SampleGeometry stores the sample-scale metadata needed to convert local throat fluxes into sample-scale properties:

  • bulk_volume
  • lengths
  • cross_sections
  • voxel_size
  • units

Without physically meaningful SampleGeometry, permeability values may be numerically reproducible but physically uninterpretable.


Volume Conventions

Porosity calculations in voids deliberately distinguish two cases.

pore.region_volume Available

When pore.region_volume exists, it is interpreted as a disjoint partition of the segmented void domain. In that case, voids uses those pore-region volumes directly and does not add throat.volume, because conduit-style throat volumes may overlap the pore-region partition and cause substantial double-counting.

Only pore.volume And throat.volume Available

When the segmented-region partition is unavailable, voids falls back to summing pore and throat volumes. That is often acceptable for synthetic examples or conduit-based models, but it is not interchangeable with voxel-partition volume bookkeeping.
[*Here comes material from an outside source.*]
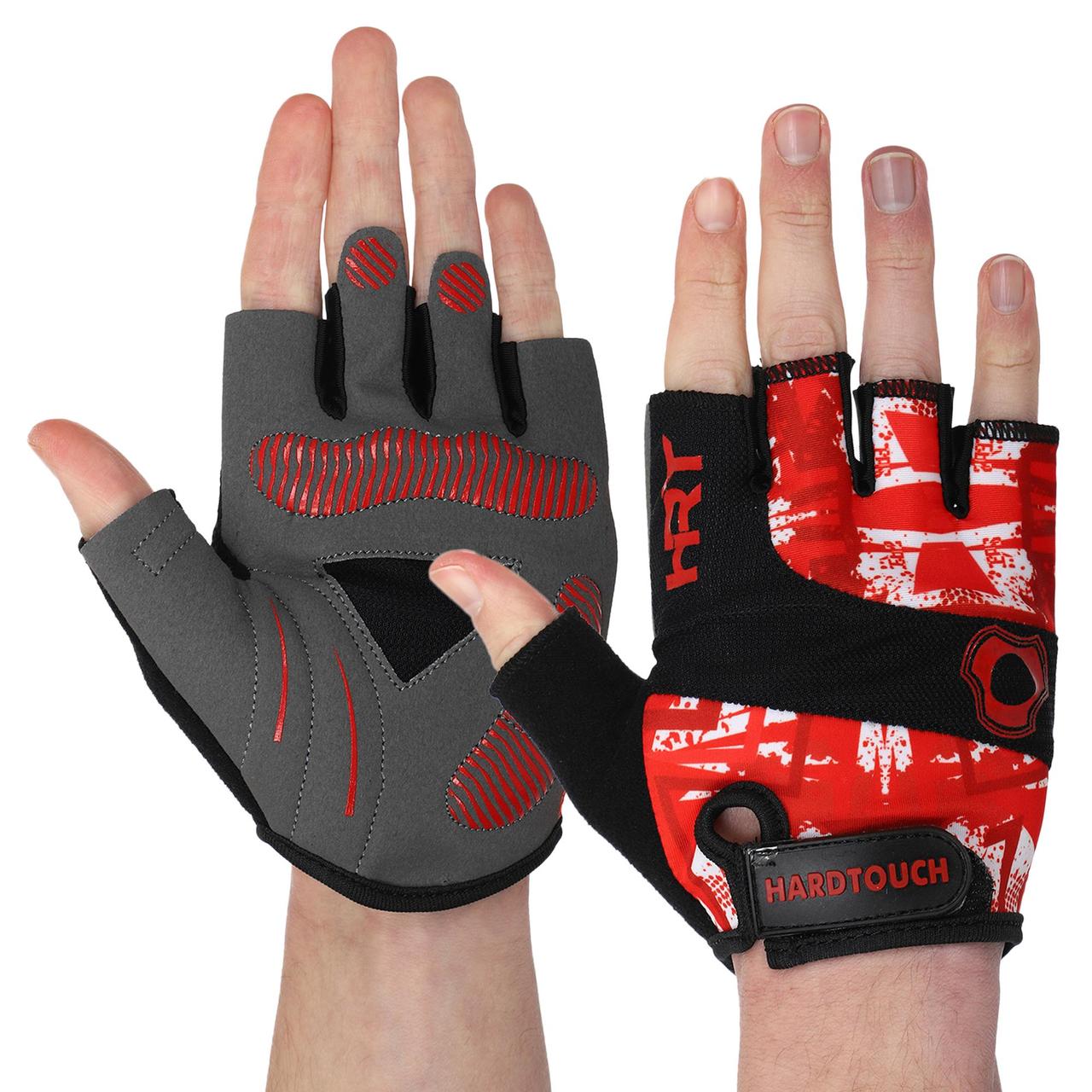 Рукавиці для фітнесу рукавички спортивні Zelart Hard Touch 9523 розмір S Red-Black-Grey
The distinction is scientifically important: two networks can have identical graph topology and still produce different porosity values depending on how volume fields were constructed upstream.


Active Solve Domain

The single-phase solver excludes connected components that do not touch any fixed- pressure pore. Those components form floating pressure blocks and would otherwise make the system singular or under-determined.

Practically, this means:

  • the solve is performed on the induced subnetwork connected to at least one Dirichlet pore
  • pressures and fluxes outside that active domain are reported as nan
  • disconnected void space may still contribute to absolute porosity, depending on the selected metric

This is one of the key reasons to inspect connectivity before interpreting transport results.


Serialization Model

The HDF5 interchange format mirrors the conceptual split in the Python objects:

HDF5 path Meaning
/meta schema version and provenance
/sample sample geometry payload
/network/pore pore coordinates and pore-wise arrays
/network/throat throat connectivity and throat-wise arrays
/labels pore and throat label masks
root attribute extra auxiliary JSON-compatible metadata

This structure is intentionally explicit. The goal is not maximal compactness, but auditability and predictable roundtrips.
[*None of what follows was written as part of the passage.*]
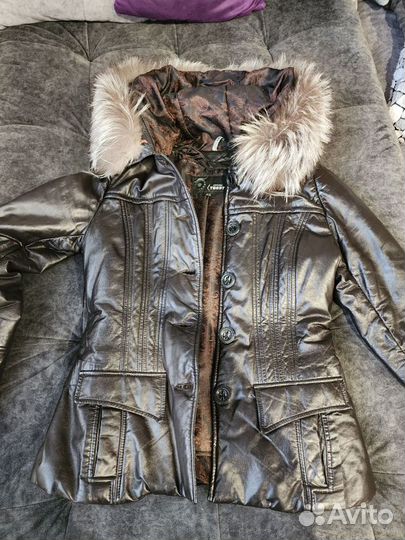 Куртка кожаная женская зимняя 44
For most studies, the safest interpretation is:

  1. upstream tools generate or extract a candidate network
  2. voids normalizes that network into a canonical representation
  3. SampleGeometry and Provenance make the physical and procedural assumptions explicit
  4. analysis and transport are performed on that explicit record

In other words, voids is not trying to hide modeling choices. It is trying to keep them inspectable.